==== The data ====

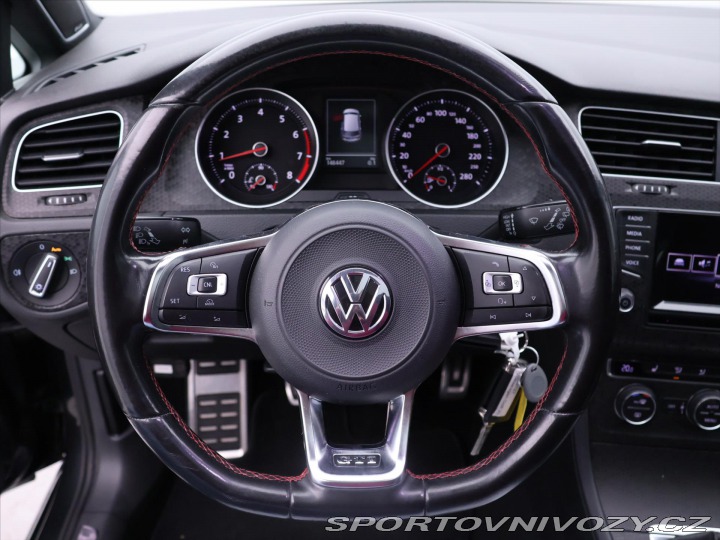 Volkswagen Golf 2,0 TSI 169kW GTI Perform 2015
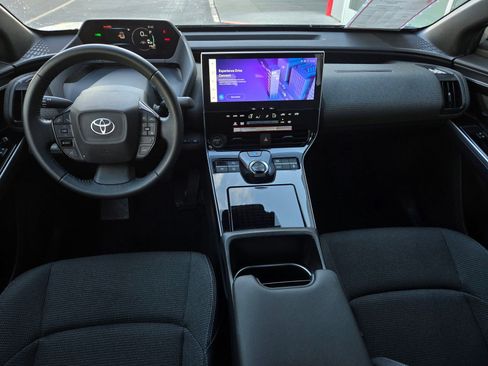 Used 2024 Toyota bZ4X Limited image 13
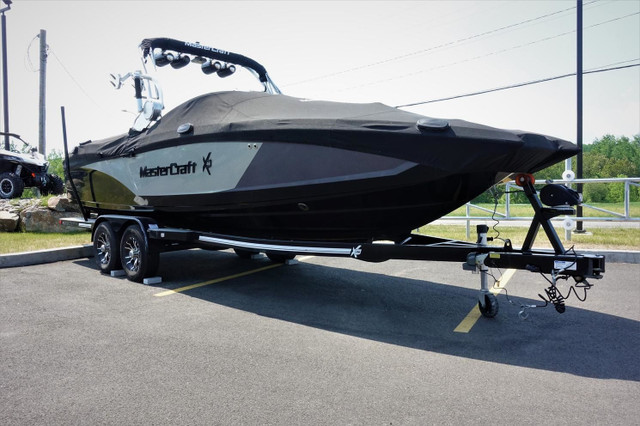 2016 Mastercraft X46 in Powerboats & Motorboats in Shawinigan - Image 2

====

— Problem requirements —
Produce an exact copy of the lines from the line containing "Used 2024 Toyota bZ4X Limited image 13" to the end of the material, both ends included, and omit every picture.

— Written response —
 Used 2024 Toyota bZ4X Limited image 13
 2016 Mastercraft X46 in Powerboats & Motorboats in Shawinigan - Image 2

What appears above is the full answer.